Recorded information:
[Start of section]
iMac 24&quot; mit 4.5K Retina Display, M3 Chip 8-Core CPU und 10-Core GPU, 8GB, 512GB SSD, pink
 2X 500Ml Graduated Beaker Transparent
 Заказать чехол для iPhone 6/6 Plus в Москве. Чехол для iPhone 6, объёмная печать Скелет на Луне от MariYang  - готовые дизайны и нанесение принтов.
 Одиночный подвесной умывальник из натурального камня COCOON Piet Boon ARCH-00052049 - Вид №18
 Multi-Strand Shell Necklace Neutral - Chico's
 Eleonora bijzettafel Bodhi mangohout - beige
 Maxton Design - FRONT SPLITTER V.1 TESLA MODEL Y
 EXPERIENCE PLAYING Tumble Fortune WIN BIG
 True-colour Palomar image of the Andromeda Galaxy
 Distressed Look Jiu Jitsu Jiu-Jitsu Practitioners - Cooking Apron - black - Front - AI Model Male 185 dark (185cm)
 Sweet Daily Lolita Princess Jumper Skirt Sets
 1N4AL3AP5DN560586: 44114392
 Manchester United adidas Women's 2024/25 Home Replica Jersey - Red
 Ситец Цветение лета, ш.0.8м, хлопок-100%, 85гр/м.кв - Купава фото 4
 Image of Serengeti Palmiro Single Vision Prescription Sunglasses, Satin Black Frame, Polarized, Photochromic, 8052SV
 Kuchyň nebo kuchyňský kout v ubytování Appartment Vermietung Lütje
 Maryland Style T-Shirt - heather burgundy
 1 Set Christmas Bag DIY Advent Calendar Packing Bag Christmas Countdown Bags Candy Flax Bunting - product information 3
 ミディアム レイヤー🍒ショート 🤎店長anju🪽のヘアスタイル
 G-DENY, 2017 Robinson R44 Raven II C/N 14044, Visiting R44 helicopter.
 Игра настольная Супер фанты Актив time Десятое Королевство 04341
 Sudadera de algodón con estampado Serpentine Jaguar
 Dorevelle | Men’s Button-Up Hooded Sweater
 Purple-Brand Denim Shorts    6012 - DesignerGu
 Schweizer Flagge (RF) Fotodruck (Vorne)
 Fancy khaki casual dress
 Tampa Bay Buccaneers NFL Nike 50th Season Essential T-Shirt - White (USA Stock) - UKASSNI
[End of section]
Action item: Where a line of the records holds the word "Shirt", copy that line.

Solution to this task:
 Maryland Style T-Shirt - heather burgundy
 Tampa Bay Buccaneers NFL Nike 50th Season Essential T-Shirt - White (USA Stock) - UKASSNI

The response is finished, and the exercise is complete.